Liquidity risk and liquidity requirements. The Company closely monitors its liquidity position and deploys a robust cash management system. It maintains adequate source of financing throughthe use of short term investments and a cash credit facility. Processes and policies related to such risks are overseen by senior management. Management monitors the Company's liquidity position through rolling forecasts on the basis of expected cash flows. The Company assessed the concentration of risk with respect to its debt and concluded it to be very low.

D) Fair value hierarchy

The Company uses the following hierarchy for determining and disclosing the fair value of financial instruments by valuation technique:

Level 1: Quoted (unadjusted) prices in active markets for identical assets or liabilities

Level 2: Other techniques for which all inputs that have a significant effect on the recorded fair value are observable, either directly or indirectly

Level 3: Techniques that use inputs that have a significant effect on the recorded fair value that are not based on observable market data.

(b) Defined Benefit plans:

The Company operates a gratuity plan covering qualifying employees. The benefit payable is calculated as per the Payment of Gratuity Act, 1972 and the benefit vests upon completion of five years of continuous service and once vested it is payable to employees on retirement or on termination of employment. In case of death while in service, the gratuity is payable irrespective of vesting. The Company makes annual contribution to the group gratuity scheme administered by the Life Insurance Corporation of India.

In respect of the plan, the most recent actuarial valuation of the plan assets and the present value of the defined benefit obligation were carried out as at 31 March 2023. The present value of the defined benefit obligation, and the related current service cost and paid service cost, were measured using the projected unit cost credit method.

These plans typically expose the Company to actuarial risks such as: investment risk, interest risk, longevity risk and salary risk.

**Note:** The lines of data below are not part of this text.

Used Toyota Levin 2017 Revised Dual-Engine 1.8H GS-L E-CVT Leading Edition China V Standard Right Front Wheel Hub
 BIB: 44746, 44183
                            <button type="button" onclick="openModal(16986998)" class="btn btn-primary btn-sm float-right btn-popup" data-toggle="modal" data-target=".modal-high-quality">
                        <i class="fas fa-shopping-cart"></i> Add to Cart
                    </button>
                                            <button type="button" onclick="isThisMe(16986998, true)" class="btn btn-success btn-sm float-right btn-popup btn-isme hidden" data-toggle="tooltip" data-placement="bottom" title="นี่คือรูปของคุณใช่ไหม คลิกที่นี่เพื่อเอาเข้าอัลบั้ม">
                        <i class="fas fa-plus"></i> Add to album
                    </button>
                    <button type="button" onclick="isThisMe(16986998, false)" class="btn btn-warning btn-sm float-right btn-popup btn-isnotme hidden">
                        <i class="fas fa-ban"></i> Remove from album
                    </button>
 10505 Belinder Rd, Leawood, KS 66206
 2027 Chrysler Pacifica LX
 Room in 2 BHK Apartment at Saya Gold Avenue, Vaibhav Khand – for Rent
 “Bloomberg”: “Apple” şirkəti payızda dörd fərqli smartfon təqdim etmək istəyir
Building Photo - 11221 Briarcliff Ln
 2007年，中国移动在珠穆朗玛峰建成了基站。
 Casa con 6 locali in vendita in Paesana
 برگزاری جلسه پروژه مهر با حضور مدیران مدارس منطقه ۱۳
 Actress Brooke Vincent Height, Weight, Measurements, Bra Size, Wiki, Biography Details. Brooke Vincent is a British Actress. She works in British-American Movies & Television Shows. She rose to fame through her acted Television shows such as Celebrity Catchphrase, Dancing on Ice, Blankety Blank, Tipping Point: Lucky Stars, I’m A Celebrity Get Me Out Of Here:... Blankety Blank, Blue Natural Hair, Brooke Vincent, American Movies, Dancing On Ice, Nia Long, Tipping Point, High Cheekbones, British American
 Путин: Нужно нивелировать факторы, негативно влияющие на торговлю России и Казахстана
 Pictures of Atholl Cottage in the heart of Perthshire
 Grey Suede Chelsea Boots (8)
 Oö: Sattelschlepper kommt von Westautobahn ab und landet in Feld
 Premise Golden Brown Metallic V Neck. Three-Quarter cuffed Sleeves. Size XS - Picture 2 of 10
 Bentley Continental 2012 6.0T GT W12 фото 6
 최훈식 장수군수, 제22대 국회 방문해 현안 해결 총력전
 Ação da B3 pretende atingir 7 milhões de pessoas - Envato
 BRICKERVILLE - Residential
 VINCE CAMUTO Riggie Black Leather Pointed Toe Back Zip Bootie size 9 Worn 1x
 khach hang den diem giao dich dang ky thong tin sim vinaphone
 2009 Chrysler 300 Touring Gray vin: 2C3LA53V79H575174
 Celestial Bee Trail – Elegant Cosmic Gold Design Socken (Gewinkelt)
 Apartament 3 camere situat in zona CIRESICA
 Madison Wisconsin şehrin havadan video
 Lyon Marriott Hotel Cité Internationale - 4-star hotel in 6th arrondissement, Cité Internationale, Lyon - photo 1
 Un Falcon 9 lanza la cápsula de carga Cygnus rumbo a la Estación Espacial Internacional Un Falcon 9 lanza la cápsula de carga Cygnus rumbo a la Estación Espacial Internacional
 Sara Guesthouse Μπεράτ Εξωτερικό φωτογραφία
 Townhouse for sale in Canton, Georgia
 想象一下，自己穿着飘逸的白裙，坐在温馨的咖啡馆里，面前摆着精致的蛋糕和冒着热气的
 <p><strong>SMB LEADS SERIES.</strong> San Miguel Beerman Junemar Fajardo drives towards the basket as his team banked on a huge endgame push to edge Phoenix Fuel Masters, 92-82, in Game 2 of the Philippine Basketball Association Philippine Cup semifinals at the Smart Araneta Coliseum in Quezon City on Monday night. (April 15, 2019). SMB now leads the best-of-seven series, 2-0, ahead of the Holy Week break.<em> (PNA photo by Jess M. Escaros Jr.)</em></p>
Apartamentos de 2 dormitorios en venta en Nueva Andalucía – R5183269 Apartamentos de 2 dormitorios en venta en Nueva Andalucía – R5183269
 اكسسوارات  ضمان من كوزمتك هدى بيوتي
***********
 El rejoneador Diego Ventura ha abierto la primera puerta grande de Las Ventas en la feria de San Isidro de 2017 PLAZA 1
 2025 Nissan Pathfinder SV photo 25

Investment risk : The present value of the defined benefit plan liability is calculated using a discount rate which is determined by reference to market yields at the end of the reporting period on government bonds. When there is a deep market for such bonds; if the return on plan asset is below this rate, it will create a plan deficit.

Interest risk: A decrease in the bond interest rate will increase the plan liability.

Longevity risk: The present value of the defined benefit plan liability is calculated by reference to the best estimate of the mortality of plan participants both during and after their employment. An increase in the life expectancy of the plan participants will increase the plan's liability.

Salary risk: The present value of the defined benefit plan liability is calculated by reference to the future salaries of plan participants. As such, an increase in the salary of the plan participants will increase the plan's liability.

33. Segment Reporting

The Company is primarily engaged in the business of retail trade through retail and departmental stores facilities, which in the terms of Ind AS 108 on 'Operating Segments', constitutes a single reporting business segment.

There are no material individual markets outside India and hence the same is not disclosed for geographical segments for the segment revenues or results or assets. During the year ended March 31, 2023, Revenue from transactions with a single external customer amounts to 19.37 percent of the Company's revenues from the external customers.

34 The Company's equity shares were listed on the National Stock Exchange (""NSE"") and on the BSE Limited (""BSE"") on November 30, 2021, by completing the Initial Public Offering (IPO) of 1,46,89,983 equity Shares of face value of H10 each at an issue price of H690 per equity share, consisting of an offer for sale of 1,28,78,389 equity shares by the selling shareholders and fresh issue of shares of 18,11,594 equity shares.

Explanations to items included in computing the above ratios:

1. Current Ratio: Current Asset over Current Liabilities

2. Debt-Equity Ratio: Debt (includes Borrowings and Current & Non-Current Lease Liabilities) over total share holders equity (including Reserves & Surplus)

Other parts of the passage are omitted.